__PROBLEM REQUIREMENTS__.
Begin at the line containing "Poster L'Automobile Nocturne" in the records below, end at the line containing "used 2018 Honda Civic car, priced at $19,975", and retype each line in that span exactly. No other line and no image should appear.

__DATA LISTING__.
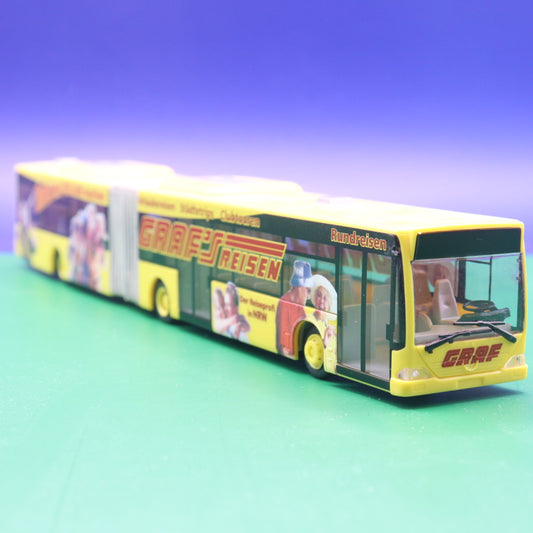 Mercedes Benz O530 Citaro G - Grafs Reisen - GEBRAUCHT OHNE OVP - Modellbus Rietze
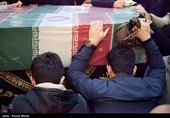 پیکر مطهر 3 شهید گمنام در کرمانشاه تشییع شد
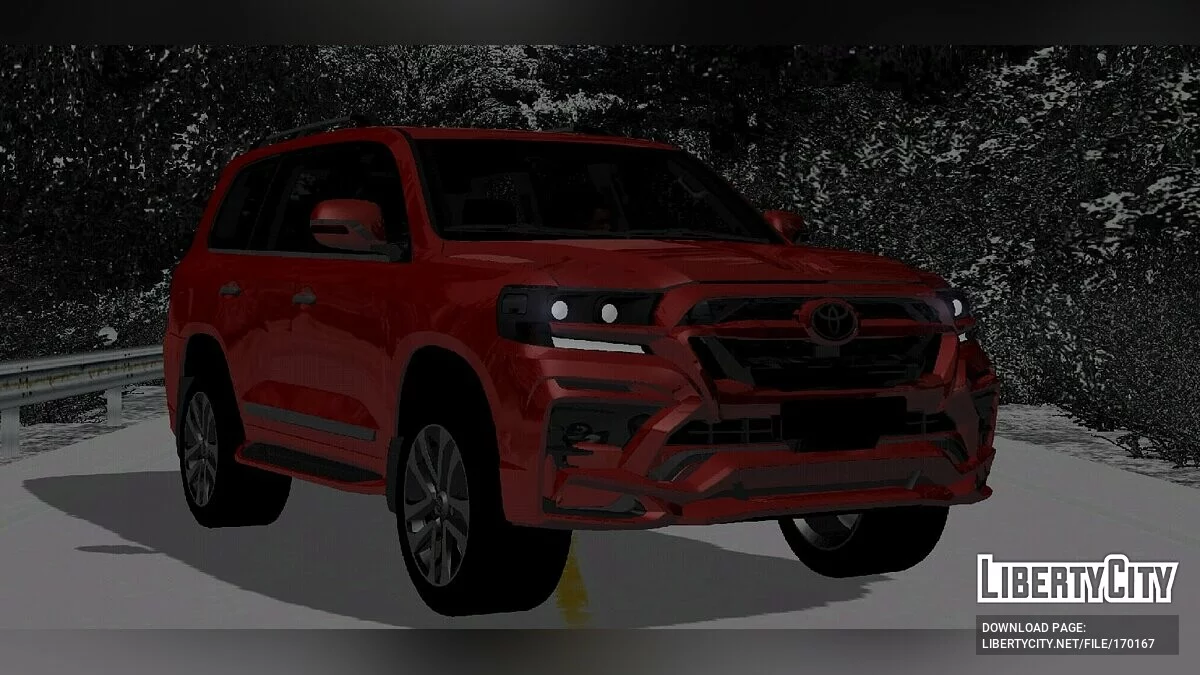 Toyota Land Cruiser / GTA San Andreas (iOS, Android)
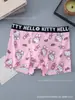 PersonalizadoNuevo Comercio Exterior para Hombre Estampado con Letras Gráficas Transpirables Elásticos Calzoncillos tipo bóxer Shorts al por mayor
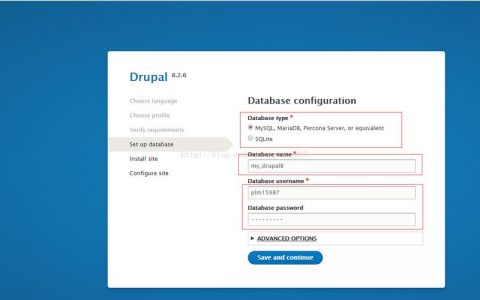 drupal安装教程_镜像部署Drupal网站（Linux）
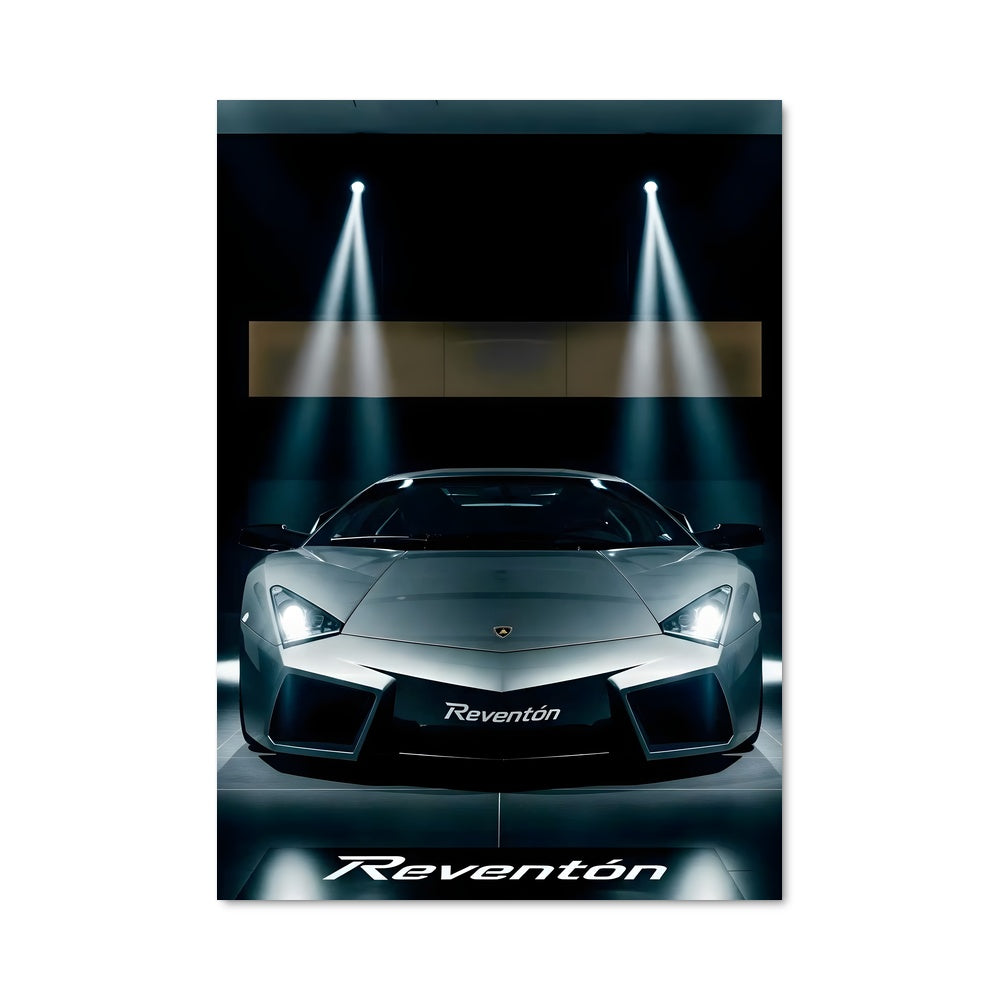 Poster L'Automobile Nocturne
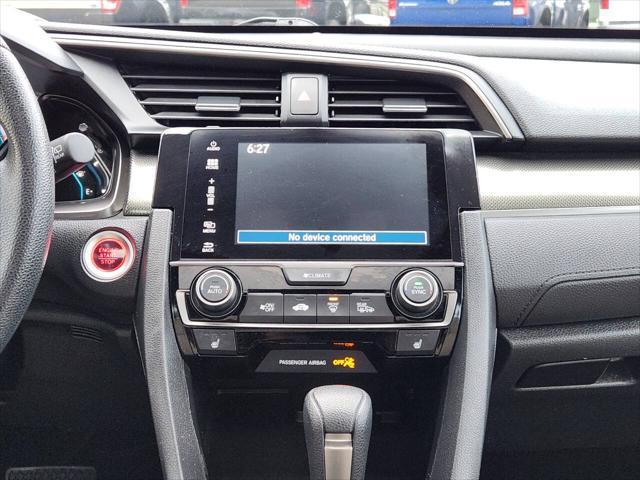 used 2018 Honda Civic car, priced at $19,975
==
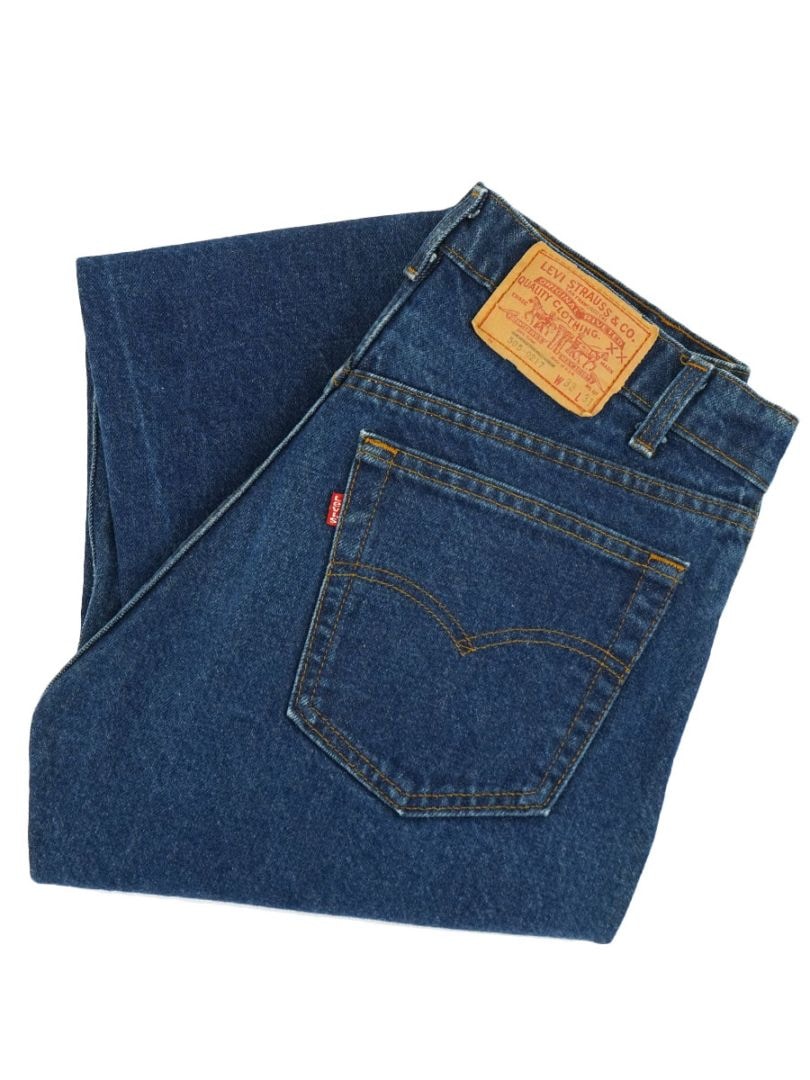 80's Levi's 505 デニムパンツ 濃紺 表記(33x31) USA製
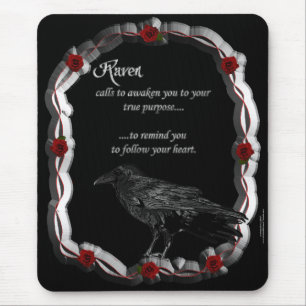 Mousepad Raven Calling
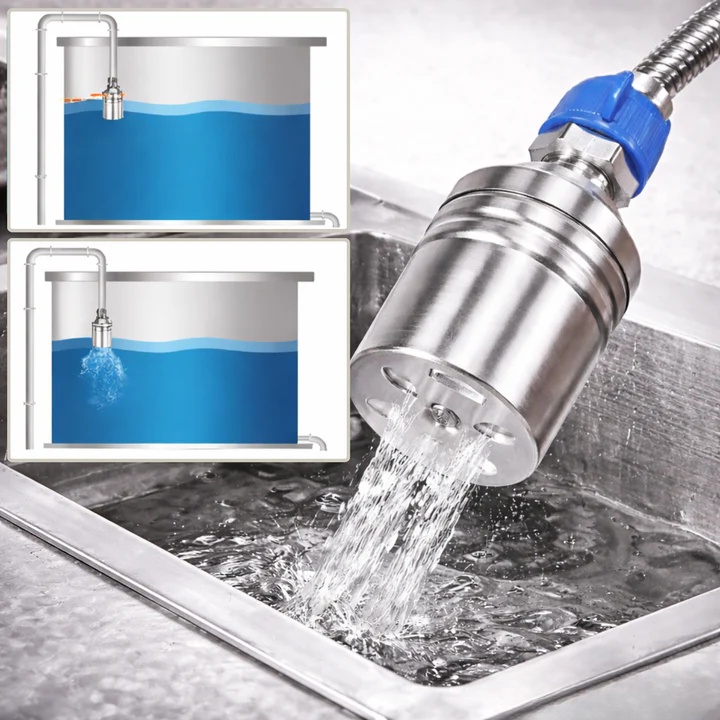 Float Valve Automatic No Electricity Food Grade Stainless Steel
==
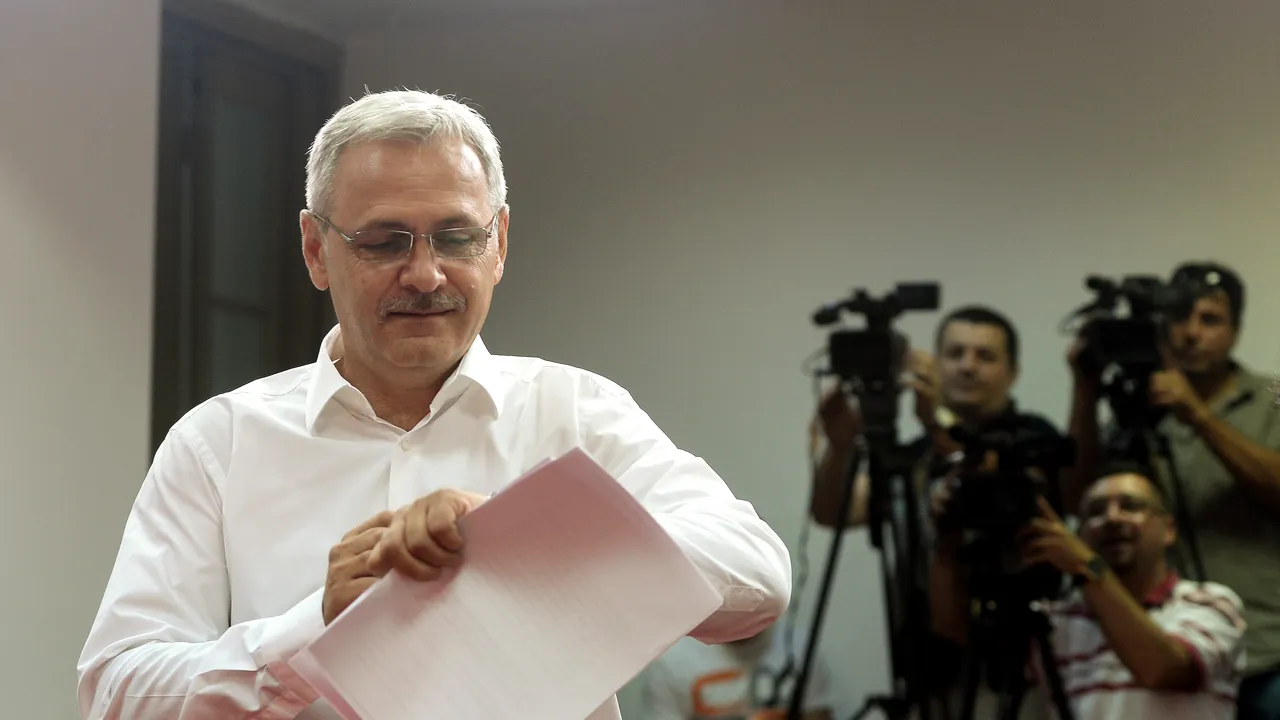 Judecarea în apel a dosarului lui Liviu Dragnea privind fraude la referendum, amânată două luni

__EXPECTED OUTPUT__.
 Poster L'Automobile Nocturne
 used 2018 Honda Civic car, priced at $19,975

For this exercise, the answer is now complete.